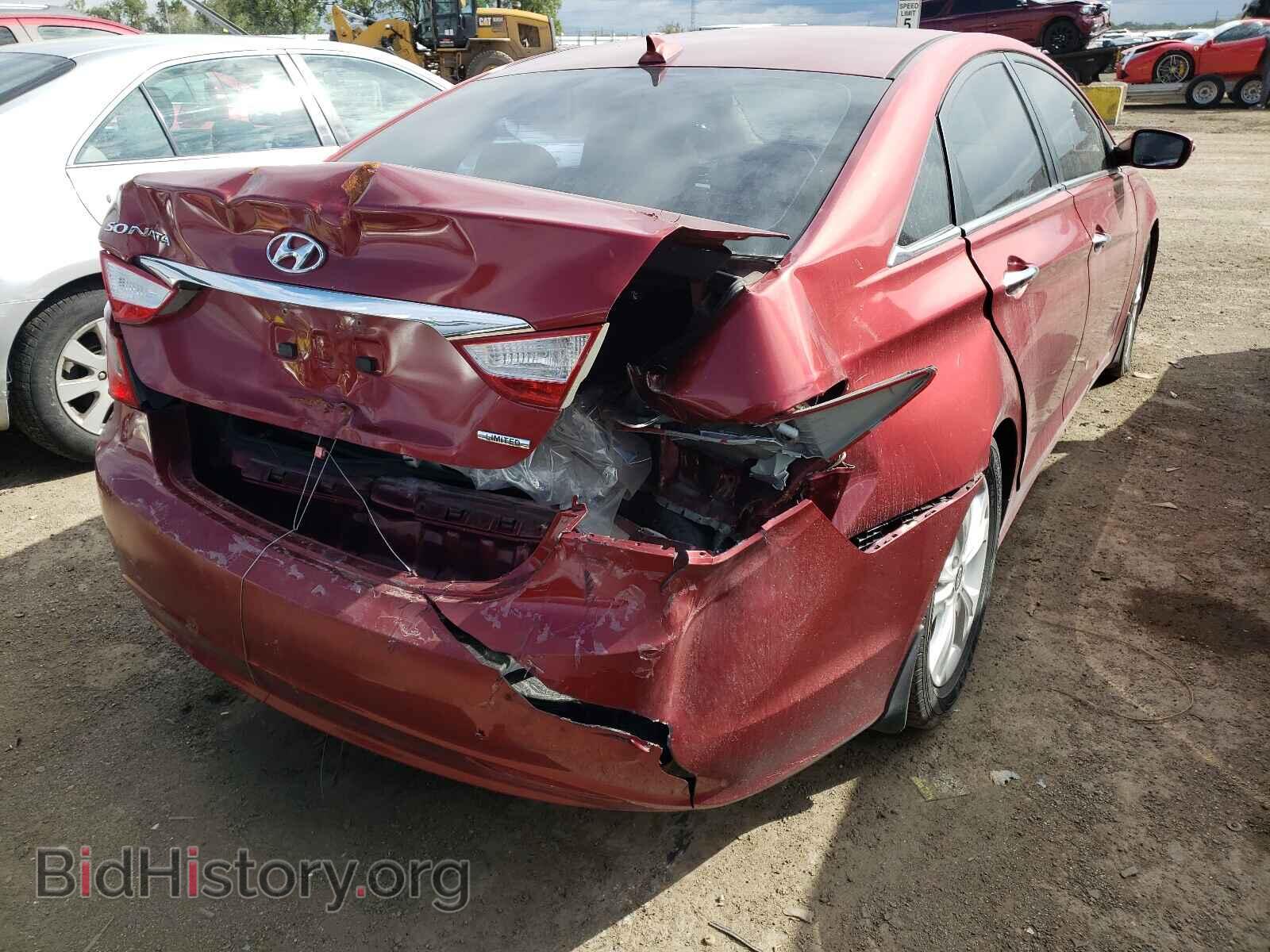 2013 HYUNDAI SONATA - VIN: 5NPEC4AC3DH572735 - Фото 4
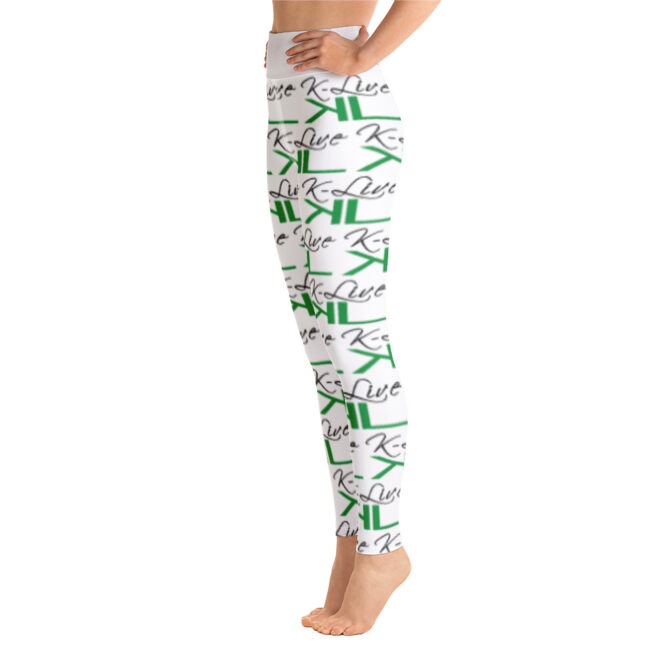 K-Live KL White All-Over Style Yoga Leggings
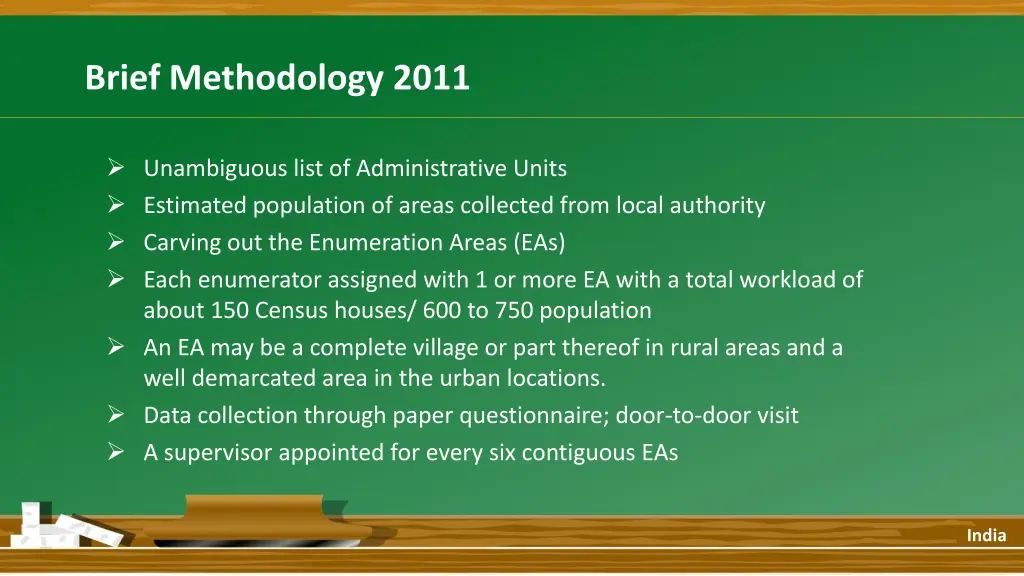 brief methodology 2011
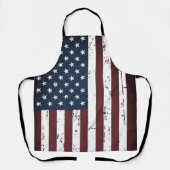 Amerikaanse vlag patriottische sterren stripes schort (Voorkant)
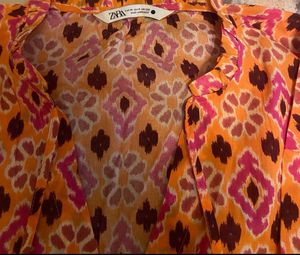 Zara Printed Dress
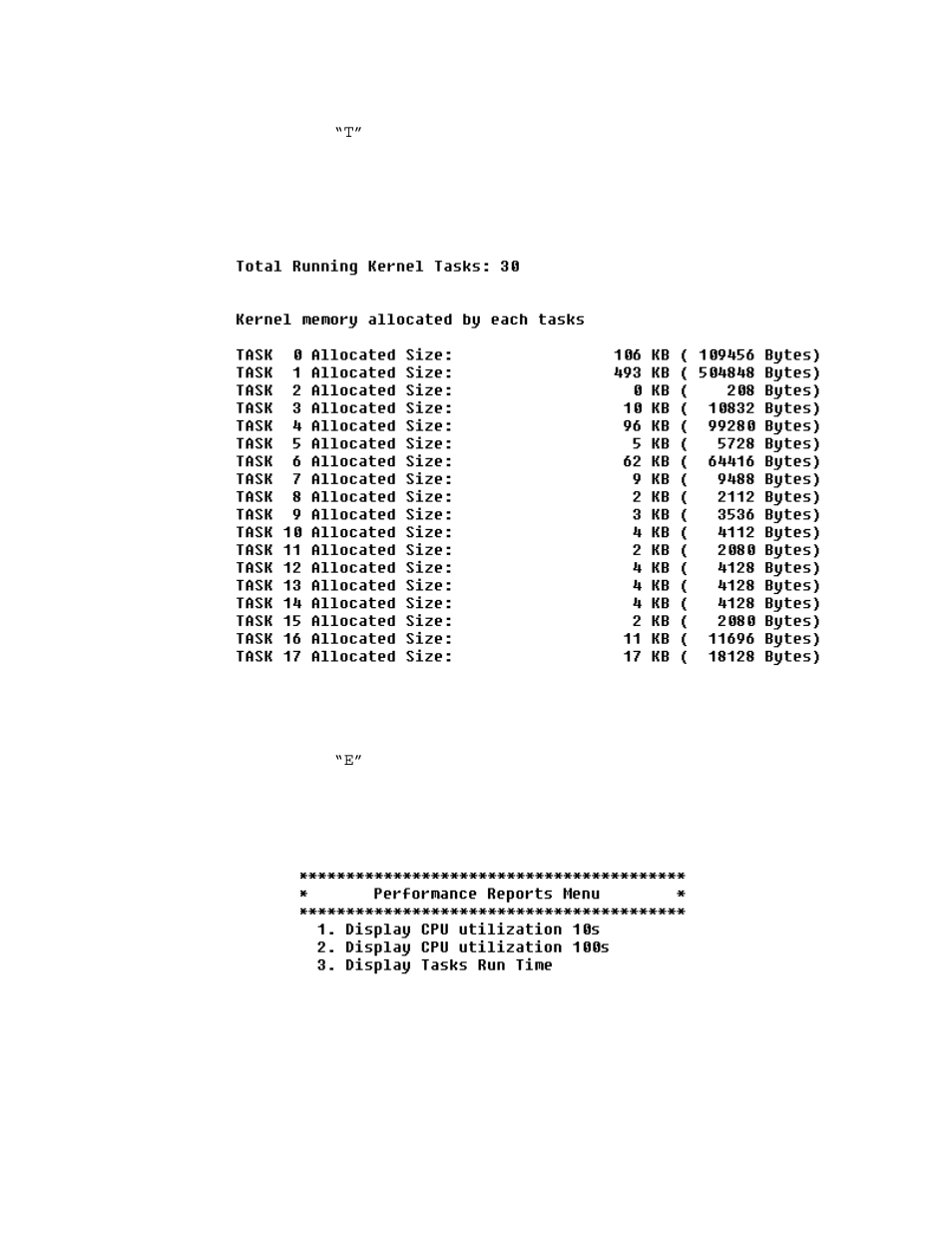 Display kernel tasks memory statistics, Tasks run time, Display kernel tasks memory statistics -35 | Tasks run time -35 | Verilink 8100A (34-00237) Product Manual User Manual | Page 219 / 311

::::

→ **AIM OF THE EXERCISE**
Leave the pictures out, and copy exactly each line from the one containing "Amerikaanse vlag patriottische" through the final line of the data.

→ **REPLY**
 Amerikaanse vlag patriottische sterren stripes schort (Voorkant)
 Zara Printed Dress
 Display kernel tasks memory statistics, Tasks run time, Display kernel tasks memory statistics -35 | Tasks run time -35 | Verilink 8100A (34-00237) Product Manual User Manual | Page 219 / 311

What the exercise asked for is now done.